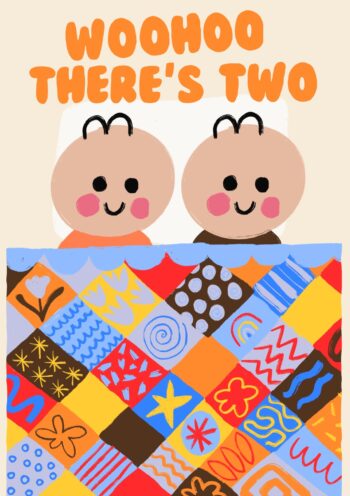Cute Twins Patchwork Card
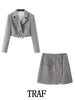 TRAF  2023 2 Pieces Sets Women Cropped ButtonPull Ring Design Blazer + Mini Skirt Set Woman Casual Sets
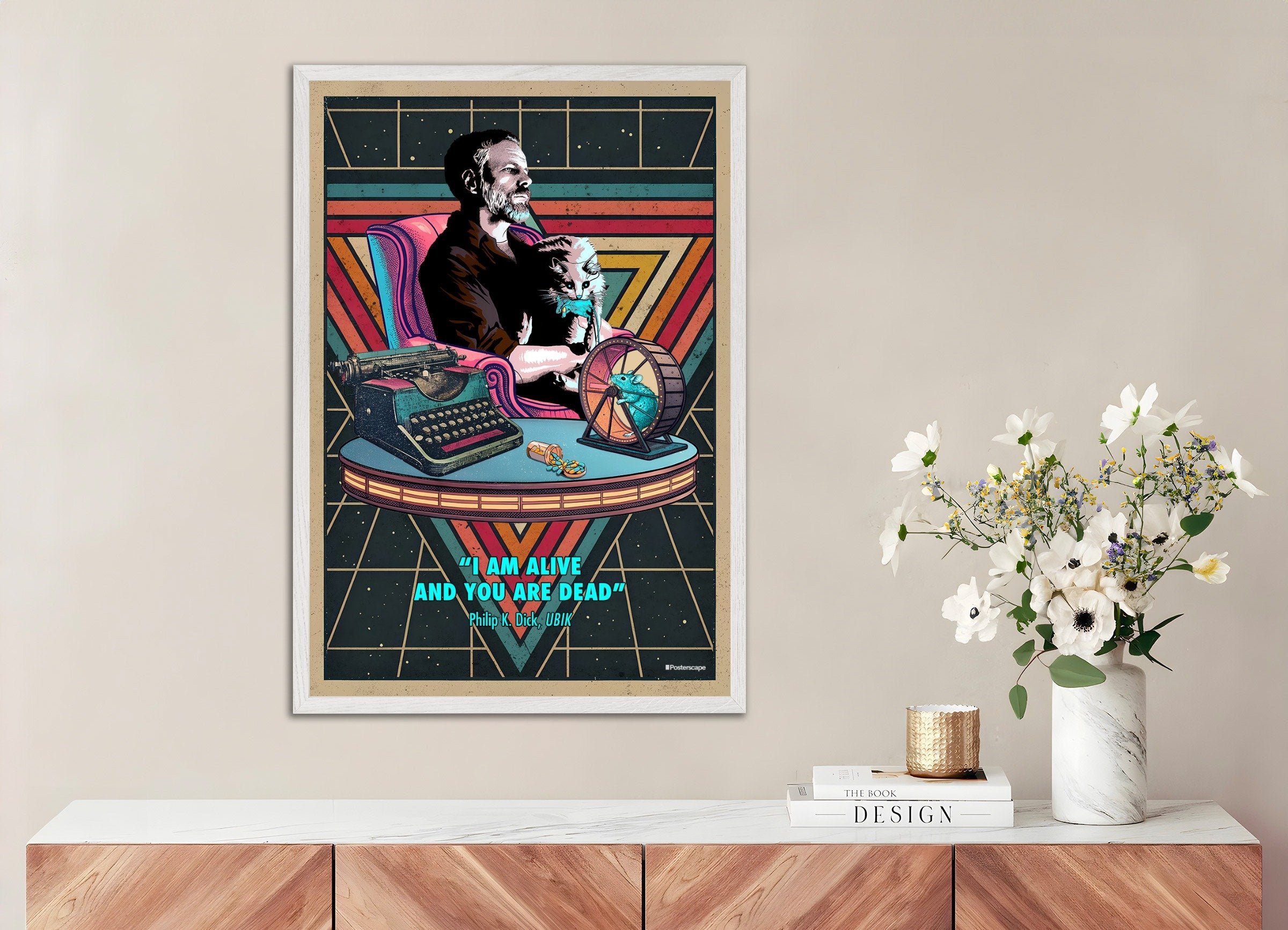 Philip K. Dick Poster - « Je suis vivant et vous êtes morts » - Science-fiction rétro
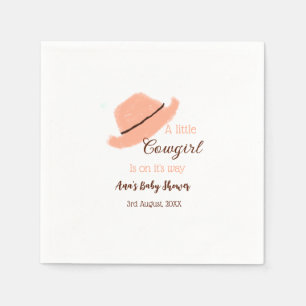 Ein kleines Cowgirl ist auf dem Weg dorthin, wie o Serviette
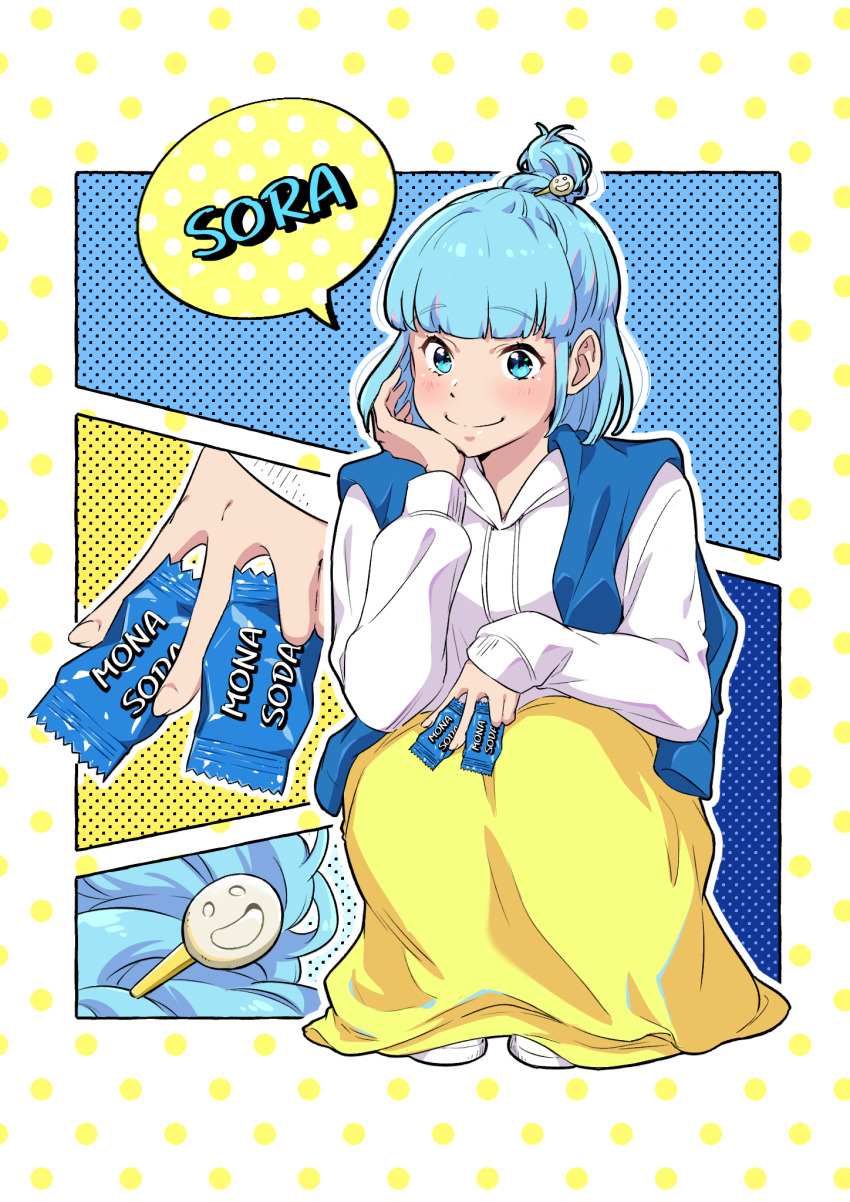 1girl, blue_eyes, blue_hair, blue_jacket, blush, candy, character_name, closed_mouth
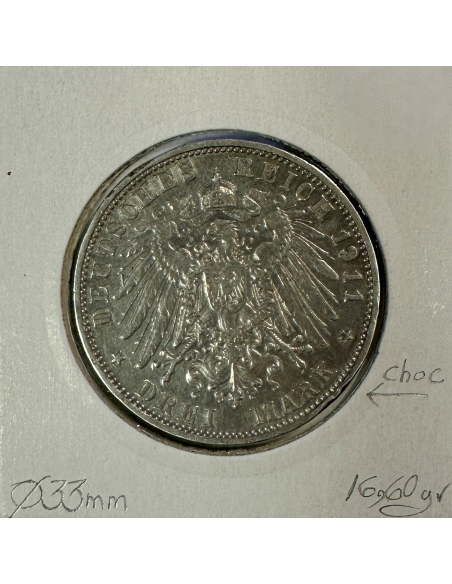 ALLEMAGNE BAVIERE - 3 MARK 1911 D - Pièce de Monnaie en Argent // Qualité : TB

Exercise requirements:
From the line containing "Woman Casual Sets" down to the last line of the data, print every line exactly and nothing else. Pictures stay out of the copy.

Response to the task:
 TRAF  2023 2 Pieces Sets Women Cropped ButtonPull Ring Design Blazer + Mini Skirt Set Woman Casual Sets
 Philip K. Dick Poster - « Je suis vivant et vous êtes morts » - Science-fiction rétro
 Ein kleines Cowgirl ist auf dem Weg dorthin, wie o Serviette
 1girl, blue_eyes, blue_hair, blue_jacket, blush, candy, character_name, closed_mouth
 ALLEMAGNE BAVIERE - 3 MARK 1911 D - Pièce de Monnaie en Argent // Qualité : TB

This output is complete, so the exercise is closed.